Las maletas del regreso por su parte son aún más complejas. Lo sabemos. Porque su composición y estructuración están bajo nuestra total y única responsabilidad. Porque podrá haber mucha gente dispuesta a ayudarte, pero casi siempre poca a entenderte. Te tiran el cabo pero se cuestionan mudas qué haces empacando tanto jabón, pasta dental, medias, ropa interior. ¡Esponjas de fregar! Abrigos de frío para el eterno paraíso tropical que siempre le han vendido.  Observan incrédulos cómo es posible llenar una maleta de 10 kilos más dos maletas de 23, una de ellas coja y de zipper sin dientes en la que has puesto dos fosforeras CLIPPER. Unas maletas que han pasado más pesajes que un boxeador o un judoca olímpico el día de su combate. Ignoran que este también es un combate. Y tú lo sabes. Tal vez como nunca, lo sabes. Hay en ese instante, en ese ritual un momento íntimo con tu nación. Una definición.

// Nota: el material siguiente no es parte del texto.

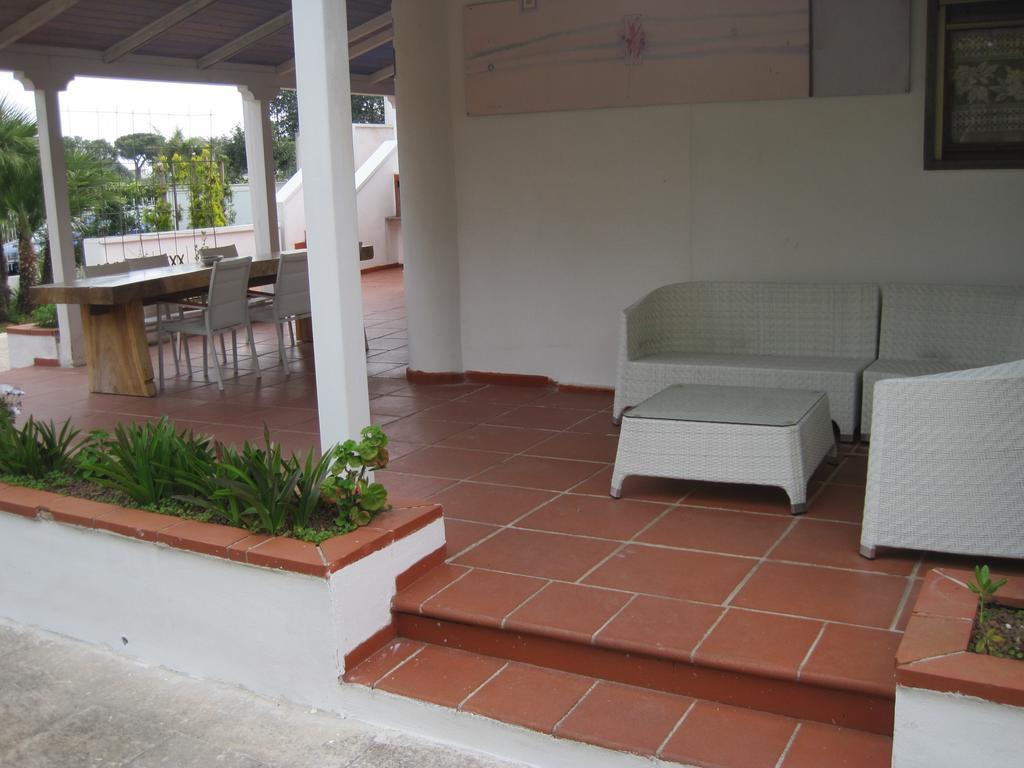 Santos Bed & Breakfast *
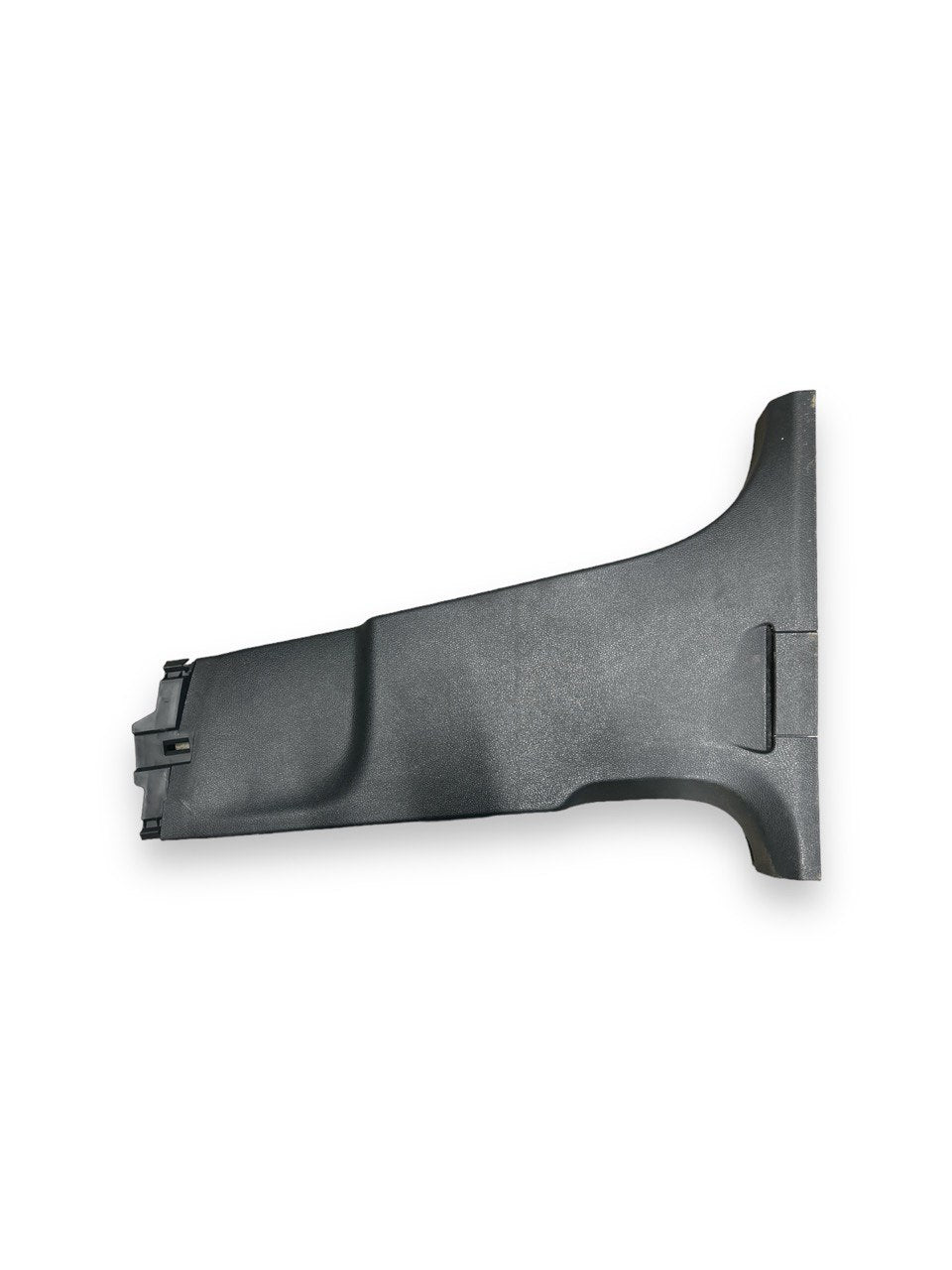 Volkswagen Tiguan (5N) (2007 > 2014) cod.5N0867291B Rivestimento Pilastro B Sinistro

Nadie como tú entiende ese momento. Comprendes entonces que siempre serás de allí. Respiras duro –que es más jodío que profundo-  pones los seis candados que has comprado, la docena de carteles e identificaciones de colores que indican que esas van para La Habana (como si fuera necesario) y regresas.

Allá, te esperan abrazos largos. Besos demorados. Una madre loca que te grita como si aún estuvieras a 10000 kilómetros de distancia.  Un vecino solidario que enciende su Popular con una CLIPPER y un país que no para de confesarse, salvarse, definirse y resucitarse en lo que cargan sus maletas.